## Work instruction
Set down all of the records exactly.

## Raw data

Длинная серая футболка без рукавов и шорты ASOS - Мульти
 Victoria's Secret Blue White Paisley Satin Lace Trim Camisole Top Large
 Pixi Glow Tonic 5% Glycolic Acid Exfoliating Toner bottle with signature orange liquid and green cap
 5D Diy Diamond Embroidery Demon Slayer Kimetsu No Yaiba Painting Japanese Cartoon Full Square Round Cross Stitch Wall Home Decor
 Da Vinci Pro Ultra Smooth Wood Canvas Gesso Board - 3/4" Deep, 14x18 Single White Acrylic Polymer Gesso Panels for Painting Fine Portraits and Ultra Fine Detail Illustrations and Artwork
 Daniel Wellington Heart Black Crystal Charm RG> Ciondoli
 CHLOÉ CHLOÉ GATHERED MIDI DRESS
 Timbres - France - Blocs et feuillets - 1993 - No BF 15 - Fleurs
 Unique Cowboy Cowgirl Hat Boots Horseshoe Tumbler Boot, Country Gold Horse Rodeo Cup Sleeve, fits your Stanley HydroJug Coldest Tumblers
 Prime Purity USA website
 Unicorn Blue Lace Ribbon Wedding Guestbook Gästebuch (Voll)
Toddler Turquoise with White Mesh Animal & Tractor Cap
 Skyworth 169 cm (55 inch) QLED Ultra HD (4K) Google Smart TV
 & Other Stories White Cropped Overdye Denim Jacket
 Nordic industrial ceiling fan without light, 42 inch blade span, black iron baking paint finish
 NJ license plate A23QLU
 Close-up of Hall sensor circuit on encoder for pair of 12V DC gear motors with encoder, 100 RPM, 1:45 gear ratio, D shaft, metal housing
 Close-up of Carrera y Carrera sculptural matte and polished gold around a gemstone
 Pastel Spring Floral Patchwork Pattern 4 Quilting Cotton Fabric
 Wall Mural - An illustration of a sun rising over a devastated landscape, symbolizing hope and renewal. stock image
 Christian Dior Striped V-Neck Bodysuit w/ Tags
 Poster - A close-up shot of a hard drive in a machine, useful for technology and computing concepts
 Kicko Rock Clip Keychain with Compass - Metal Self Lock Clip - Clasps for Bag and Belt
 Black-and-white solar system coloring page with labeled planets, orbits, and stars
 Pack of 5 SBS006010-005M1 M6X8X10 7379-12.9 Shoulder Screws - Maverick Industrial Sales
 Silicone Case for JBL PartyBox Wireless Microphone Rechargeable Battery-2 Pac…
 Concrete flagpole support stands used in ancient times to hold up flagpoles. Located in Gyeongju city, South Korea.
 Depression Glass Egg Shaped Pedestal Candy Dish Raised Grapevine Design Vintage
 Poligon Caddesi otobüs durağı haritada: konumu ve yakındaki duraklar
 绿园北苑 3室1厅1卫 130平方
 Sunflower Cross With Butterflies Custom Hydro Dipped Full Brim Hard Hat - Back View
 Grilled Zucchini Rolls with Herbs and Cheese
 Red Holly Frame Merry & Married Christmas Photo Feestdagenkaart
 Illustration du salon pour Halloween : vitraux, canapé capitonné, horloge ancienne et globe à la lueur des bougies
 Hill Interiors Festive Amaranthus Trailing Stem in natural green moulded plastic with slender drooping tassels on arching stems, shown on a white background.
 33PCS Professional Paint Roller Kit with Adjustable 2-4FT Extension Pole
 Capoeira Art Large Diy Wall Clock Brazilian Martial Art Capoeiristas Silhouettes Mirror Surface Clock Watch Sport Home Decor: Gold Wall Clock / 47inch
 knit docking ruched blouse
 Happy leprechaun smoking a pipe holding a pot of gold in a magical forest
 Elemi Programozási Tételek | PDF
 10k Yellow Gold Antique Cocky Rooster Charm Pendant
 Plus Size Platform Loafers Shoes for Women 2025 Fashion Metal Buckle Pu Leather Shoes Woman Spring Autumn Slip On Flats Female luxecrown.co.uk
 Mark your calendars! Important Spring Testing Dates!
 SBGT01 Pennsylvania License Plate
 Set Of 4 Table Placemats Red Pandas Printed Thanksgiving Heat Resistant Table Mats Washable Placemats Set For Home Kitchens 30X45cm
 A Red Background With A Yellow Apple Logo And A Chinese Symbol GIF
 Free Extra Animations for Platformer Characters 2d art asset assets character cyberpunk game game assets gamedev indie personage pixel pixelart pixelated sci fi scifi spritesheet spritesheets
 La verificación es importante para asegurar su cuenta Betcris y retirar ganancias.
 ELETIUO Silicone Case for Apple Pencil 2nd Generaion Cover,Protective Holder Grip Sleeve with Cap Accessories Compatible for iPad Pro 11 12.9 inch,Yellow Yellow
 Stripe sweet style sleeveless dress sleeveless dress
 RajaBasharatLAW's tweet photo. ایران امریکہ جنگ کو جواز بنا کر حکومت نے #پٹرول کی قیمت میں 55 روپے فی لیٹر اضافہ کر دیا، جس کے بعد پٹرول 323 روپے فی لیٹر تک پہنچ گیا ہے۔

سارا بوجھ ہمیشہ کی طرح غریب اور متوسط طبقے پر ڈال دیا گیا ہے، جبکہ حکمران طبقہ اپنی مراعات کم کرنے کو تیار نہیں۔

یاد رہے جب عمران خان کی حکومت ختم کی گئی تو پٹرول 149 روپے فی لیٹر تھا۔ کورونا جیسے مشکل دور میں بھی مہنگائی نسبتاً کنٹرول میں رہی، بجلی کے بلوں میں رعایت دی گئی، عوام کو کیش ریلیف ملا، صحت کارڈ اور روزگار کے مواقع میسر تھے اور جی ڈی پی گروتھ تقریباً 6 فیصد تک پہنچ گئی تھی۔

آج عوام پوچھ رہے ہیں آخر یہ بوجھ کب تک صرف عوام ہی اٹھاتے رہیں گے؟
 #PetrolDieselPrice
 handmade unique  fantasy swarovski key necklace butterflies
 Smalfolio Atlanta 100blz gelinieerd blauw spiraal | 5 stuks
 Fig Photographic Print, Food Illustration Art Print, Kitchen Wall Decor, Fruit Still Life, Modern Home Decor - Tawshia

## Answer area
Длинная серая футболка без рукавов и шорты ASOS - Мульти
 Victoria's Secret Blue White Paisley Satin Lace Trim Camisole Top Large
 Pixi Glow Tonic 5% Glycolic Acid Exfoliating Toner bottle with signature orange liquid and green cap
 5D Diy Diamond Embroidery Demon Slayer Kimetsu No Yaiba Painting Japanese Cartoon Full Square Round Cross Stitch Wall Home Decor
 Da Vinci Pro Ultra Smooth Wood Canvas Gesso Board - 3/4" Deep, 14x18 Single White Acrylic Polymer Gesso Panels for Painting Fine Portraits and Ultra Fine Detail Illustrations and Artwork
 Daniel Wellington Heart Black Crystal Charm RG> Ciondoli
 CHLOÉ CHLOÉ GATHERED MIDI DRESS
 Timbres - France - Blocs et feuillets - 1993 - No BF 15 - Fleurs
 Unique Cowboy Cowgirl Hat Boots Horseshoe Tumbler Boot, Country Gold Horse Rodeo Cup Sleeve, fits your Stanley HydroJug Coldest Tumblers
 Prime Purity USA website
 Unicorn Blue Lace Ribbon Wedding Guestbook Gästebuch (Voll)
Toddler Turquoise with White Mesh Animal & Tractor Cap
 Skyworth 169 cm (55 inch) QLED Ultra HD (4K) Google Smart TV
 & Other Stories White Cropped Overdye Denim Jacket
 Nordic industrial ceiling fan without light, 42 inch blade span, black iron baking paint finish
 NJ license plate A23QLU
 Close-up of Hall sensor circuit on encoder for pair of 12V DC gear motors with encoder, 100 RPM, 1:45 gear ratio, D shaft, metal housing
 Close-up of Carrera y Carrera sculptural matte and polished gold around a gemstone
 Pastel Spring Floral Patchwork Pattern 4 Quilting Cotton Fabric
 Wall Mural - An illustration of a sun rising over a devastated landscape, symbolizing hope and renewal. stock image
 Christian Dior Striped V-Neck Bodysuit w/ Tags
 Poster - A close-up shot of a hard drive in a machine, useful for technology and computing concepts
 Kicko Rock Clip Keychain with Compass - Metal Self Lock Clip - Clasps for Bag and Belt
 Black-and-white solar system coloring page with labeled planets, orbits, and stars
 Pack of 5 SBS006010-005M1 M6X8X10 7379-12.9 Shoulder Screws - Maverick Industrial Sales
 Silicone Case for JBL PartyBox Wireless Microphone Rechargeable Battery-2 Pac…
 Concrete flagpole support stands used in ancient times to hold up flagpoles. Located in Gyeongju city, South Korea.
 Depression Glass Egg Shaped Pedestal Candy Dish Raised Grapevine Design Vintage
 Poligon Caddesi otobüs durağı haritada: konumu ve yakındaki duraklar
 绿园北苑 3室1厅1卫 130平方
 Sunflower Cross With Butterflies Custom Hydro Dipped Full Brim Hard Hat - Back View
 Grilled Zucchini Rolls with Herbs and Cheese
 Red Holly Frame Merry & Married Christmas Photo Feestdagenkaart
 Illustration du salon pour Halloween : vitraux, canapé capitonné, horloge ancienne et globe à la lueur des bougies
 Hill Interiors Festive Amaranthus Trailing Stem in natural green moulded plastic with slender drooping tassels on arching stems, shown on a white background.
 33PCS Professional Paint Roller Kit with Adjustable 2-4FT Extension Pole
 Capoeira Art Large Diy Wall Clock Brazilian Martial Art Capoeiristas Silhouettes Mirror Surface Clock Watch Sport Home Decor: Gold Wall Clock / 47inch
 knit docking ruched blouse
 Happy leprechaun smoking a pipe holding a pot of gold in a magical forest
 Elemi Programozási Tételek | PDF
 10k Yellow Gold Antique Cocky Rooster Charm Pendant
 Plus Size Platform Loafers Shoes for Women 2025 Fashion Metal Buckle Pu Leather Shoes Woman Spring Autumn Slip On Flats Female luxecrown.co.uk
 Mark your calendars! Important Spring Testing Dates!
 SBGT01 Pennsylvania License Plate
 Set Of 4 Table Placemats Red Pandas Printed Thanksgiving Heat Resistant Table Mats Washable Placemats Set For Home Kitchens 30X45cm
 A Red Background With A Yellow Apple Logo And A Chinese Symbol GIF
 Free Extra Animations for Platformer Characters 2d art asset assets character cyberpunk game game assets gamedev indie personage pixel pixelart pixelated sci fi scifi spritesheet spritesheets
 La verificación es importante para asegurar su cuenta Betcris y retirar ganancias.
 ELETIUO Silicone Case for Apple Pencil 2nd Generaion Cover,Protective Holder Grip Sleeve with Cap Accessories Compatible for iPad Pro 11 12.9 inch,Yellow Yellow
 Stripe sweet style sleeveless dress sleeveless dress
 RajaBasharatLAW's tweet photo. ایران امریکہ جنگ کو جواز بنا کر حکومت نے #پٹرول کی قیمت میں 55 روپے فی لیٹر اضافہ کر دیا، جس کے بعد پٹرول 323 روپے فی لیٹر تک پہنچ گیا ہے۔

سارا بوجھ ہمیشہ کی طرح غریب اور متوسط طبقے پر ڈال دیا گیا ہے، جبکہ حکمران طبقہ اپنی مراعات کم کرنے کو تیار نہیں۔

یاد رہے جب عمران خان کی حکومت ختم کی گئی تو پٹرول 149 روپے فی لیٹر تھا۔ کورونا جیسے مشکل دور میں بھی مہنگائی نسبتاً کنٹرول میں رہی، بجلی کے بلوں میں رعایت دی گئی، عوام کو کیش ریلیف ملا، صحت کارڈ اور روزگار کے مواقع میسر تھے اور جی ڈی پی گروتھ تقریباً 6 فیصد تک پہنچ گئی تھی۔

آج عوام پوچھ رہے ہیں آخر یہ بوجھ کب تک صرف عوام ہی اٹھاتے رہیں گے؟
 #PetrolDieselPrice
 handmade unique  fantasy swarovski key necklace butterflies
 Smalfolio Atlanta 100blz gelinieerd blauw spiraal | 5 stuks
 Fig Photographic Print, Food Illustration Art Print, Kitchen Wall Decor, Fruit Still Life, Modern Home Decor - Tawshia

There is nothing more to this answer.